» **Saved data entries**
※ ※ ※
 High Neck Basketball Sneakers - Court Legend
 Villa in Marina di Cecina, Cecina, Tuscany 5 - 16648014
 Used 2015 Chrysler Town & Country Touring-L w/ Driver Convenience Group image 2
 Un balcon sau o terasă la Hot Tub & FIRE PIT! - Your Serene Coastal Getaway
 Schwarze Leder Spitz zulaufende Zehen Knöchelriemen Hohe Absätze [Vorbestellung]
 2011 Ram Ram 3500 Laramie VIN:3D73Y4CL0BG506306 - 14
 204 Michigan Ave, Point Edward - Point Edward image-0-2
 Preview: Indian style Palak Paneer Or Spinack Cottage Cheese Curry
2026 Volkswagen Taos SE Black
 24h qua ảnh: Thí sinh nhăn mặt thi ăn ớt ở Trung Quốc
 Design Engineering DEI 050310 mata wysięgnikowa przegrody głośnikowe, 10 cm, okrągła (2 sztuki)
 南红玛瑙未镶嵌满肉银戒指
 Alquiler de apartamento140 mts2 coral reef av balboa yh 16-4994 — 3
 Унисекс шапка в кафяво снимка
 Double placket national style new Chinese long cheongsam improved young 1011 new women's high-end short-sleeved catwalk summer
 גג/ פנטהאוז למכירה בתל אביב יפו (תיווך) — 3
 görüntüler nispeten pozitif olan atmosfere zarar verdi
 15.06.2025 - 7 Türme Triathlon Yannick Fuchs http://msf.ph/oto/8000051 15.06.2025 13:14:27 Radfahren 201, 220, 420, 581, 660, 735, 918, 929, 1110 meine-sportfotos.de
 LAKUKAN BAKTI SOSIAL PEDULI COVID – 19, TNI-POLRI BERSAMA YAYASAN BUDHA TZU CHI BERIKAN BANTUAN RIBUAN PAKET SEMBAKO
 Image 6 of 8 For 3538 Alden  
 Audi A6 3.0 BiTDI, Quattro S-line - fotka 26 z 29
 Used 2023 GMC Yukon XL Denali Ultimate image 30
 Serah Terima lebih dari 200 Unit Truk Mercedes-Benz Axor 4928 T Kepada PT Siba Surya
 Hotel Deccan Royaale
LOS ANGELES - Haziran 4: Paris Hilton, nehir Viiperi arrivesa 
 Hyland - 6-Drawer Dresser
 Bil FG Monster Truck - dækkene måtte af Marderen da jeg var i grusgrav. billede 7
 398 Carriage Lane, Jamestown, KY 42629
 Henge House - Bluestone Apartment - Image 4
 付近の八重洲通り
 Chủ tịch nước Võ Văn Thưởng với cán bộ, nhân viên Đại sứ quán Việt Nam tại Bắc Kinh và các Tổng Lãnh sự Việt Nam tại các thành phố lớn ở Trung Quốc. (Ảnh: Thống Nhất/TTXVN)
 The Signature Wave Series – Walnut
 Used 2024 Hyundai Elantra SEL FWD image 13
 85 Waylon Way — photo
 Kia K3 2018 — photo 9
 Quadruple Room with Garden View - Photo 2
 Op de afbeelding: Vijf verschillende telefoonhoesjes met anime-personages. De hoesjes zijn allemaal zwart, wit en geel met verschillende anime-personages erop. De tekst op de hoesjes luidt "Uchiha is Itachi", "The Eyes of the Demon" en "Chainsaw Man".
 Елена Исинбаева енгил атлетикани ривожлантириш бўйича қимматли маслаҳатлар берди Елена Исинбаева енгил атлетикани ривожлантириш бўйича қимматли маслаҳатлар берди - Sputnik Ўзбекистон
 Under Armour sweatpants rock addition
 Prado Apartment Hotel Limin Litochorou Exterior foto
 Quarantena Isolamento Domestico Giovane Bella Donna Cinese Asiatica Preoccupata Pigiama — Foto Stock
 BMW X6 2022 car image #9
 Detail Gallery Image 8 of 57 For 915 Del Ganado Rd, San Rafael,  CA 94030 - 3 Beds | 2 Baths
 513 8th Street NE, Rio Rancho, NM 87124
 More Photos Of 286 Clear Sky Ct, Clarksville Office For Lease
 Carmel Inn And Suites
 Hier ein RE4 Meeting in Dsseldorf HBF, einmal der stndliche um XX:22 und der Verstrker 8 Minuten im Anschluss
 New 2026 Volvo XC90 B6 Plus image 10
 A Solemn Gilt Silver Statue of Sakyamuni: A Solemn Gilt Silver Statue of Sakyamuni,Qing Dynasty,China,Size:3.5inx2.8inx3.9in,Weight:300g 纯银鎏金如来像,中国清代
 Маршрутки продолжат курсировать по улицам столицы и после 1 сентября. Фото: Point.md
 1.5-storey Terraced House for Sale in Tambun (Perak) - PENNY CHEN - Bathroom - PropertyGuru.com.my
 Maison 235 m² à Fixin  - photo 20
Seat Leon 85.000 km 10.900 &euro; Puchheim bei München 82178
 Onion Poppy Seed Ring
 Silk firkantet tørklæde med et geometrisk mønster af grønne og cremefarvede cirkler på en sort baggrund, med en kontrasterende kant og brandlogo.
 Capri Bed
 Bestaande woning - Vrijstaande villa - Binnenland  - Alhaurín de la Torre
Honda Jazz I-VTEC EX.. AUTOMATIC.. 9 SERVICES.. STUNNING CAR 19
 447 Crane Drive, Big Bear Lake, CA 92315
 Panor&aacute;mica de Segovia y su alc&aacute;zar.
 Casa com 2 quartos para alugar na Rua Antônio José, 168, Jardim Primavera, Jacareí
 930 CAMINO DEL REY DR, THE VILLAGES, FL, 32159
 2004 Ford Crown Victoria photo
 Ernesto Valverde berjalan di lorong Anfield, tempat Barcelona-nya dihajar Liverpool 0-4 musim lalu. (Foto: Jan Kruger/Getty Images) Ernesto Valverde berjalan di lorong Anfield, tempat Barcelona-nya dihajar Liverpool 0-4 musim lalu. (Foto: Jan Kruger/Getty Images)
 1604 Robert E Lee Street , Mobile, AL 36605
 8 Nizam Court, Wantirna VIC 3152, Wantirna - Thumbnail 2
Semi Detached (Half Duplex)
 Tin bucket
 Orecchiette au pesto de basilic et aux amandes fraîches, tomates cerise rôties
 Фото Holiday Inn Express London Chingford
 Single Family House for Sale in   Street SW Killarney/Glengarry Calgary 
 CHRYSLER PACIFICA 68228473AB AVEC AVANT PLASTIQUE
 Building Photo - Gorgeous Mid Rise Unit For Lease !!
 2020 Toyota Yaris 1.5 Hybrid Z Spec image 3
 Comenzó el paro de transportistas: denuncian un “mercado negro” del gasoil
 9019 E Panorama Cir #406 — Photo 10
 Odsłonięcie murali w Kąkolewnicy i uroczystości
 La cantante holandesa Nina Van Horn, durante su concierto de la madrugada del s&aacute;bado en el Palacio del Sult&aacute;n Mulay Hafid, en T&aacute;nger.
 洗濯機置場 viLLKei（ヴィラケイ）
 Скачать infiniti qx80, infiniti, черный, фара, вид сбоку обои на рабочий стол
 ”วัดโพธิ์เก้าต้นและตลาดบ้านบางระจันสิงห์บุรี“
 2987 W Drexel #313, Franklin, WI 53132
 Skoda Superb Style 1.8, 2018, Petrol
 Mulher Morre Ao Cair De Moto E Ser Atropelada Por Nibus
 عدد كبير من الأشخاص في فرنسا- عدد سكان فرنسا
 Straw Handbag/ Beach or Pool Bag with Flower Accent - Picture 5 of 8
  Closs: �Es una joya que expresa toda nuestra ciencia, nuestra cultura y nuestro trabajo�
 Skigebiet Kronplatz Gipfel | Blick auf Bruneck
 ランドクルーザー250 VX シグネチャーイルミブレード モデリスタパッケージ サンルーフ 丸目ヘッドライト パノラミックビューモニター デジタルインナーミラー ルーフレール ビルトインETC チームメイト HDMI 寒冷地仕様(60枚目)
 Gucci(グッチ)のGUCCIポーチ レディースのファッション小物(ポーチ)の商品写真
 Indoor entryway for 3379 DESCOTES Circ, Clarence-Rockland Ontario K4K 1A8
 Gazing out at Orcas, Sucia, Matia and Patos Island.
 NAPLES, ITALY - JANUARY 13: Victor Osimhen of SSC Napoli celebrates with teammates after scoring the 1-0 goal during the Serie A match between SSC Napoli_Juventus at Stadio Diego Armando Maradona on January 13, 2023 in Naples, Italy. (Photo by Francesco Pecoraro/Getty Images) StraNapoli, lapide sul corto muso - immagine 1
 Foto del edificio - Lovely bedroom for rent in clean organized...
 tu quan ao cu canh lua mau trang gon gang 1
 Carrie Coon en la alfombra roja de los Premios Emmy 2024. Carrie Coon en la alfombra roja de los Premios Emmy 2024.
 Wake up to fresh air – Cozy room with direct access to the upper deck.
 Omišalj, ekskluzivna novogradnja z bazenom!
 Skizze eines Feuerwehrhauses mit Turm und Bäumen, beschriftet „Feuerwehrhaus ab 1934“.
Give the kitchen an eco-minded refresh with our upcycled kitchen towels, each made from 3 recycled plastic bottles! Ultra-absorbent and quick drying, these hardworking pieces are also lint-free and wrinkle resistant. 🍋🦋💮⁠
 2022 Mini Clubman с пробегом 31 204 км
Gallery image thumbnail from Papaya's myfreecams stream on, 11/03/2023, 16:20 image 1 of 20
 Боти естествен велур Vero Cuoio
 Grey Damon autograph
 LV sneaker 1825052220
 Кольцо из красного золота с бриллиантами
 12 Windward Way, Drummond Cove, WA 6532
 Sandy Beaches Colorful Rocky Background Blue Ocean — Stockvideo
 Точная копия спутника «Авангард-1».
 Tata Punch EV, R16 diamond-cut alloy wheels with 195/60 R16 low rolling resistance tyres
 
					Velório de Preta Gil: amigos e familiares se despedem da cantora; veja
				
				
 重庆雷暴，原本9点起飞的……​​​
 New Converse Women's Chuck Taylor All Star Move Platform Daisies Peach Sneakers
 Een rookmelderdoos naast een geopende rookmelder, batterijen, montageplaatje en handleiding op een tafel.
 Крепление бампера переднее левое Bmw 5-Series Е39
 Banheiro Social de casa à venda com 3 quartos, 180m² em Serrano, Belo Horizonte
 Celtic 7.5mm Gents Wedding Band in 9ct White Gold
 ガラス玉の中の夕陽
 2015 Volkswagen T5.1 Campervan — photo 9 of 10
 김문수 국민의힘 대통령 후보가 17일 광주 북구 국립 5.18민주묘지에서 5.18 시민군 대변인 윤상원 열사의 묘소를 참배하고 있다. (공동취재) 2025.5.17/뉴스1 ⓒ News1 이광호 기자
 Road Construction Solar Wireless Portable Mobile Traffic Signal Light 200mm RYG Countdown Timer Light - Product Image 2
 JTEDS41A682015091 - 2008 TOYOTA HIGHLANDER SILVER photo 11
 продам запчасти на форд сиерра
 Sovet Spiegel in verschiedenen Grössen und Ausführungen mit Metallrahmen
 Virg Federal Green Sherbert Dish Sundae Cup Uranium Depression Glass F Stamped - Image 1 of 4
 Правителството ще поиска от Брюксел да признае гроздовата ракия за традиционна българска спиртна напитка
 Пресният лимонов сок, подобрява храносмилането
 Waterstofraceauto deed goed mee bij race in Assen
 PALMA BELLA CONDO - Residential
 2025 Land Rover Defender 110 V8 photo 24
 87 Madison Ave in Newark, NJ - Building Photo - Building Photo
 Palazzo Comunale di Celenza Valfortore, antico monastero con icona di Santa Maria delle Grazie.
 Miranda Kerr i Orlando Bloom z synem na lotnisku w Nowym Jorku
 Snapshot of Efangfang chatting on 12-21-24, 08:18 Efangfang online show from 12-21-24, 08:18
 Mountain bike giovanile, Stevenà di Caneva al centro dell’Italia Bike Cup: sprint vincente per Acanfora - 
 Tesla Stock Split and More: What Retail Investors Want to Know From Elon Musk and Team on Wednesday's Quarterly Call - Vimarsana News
※ ※ ※
» **Task to carry out**
Number of lines with the string "Sneakers" in the data above: report this figure and nothing more.

» **Expected answer**
2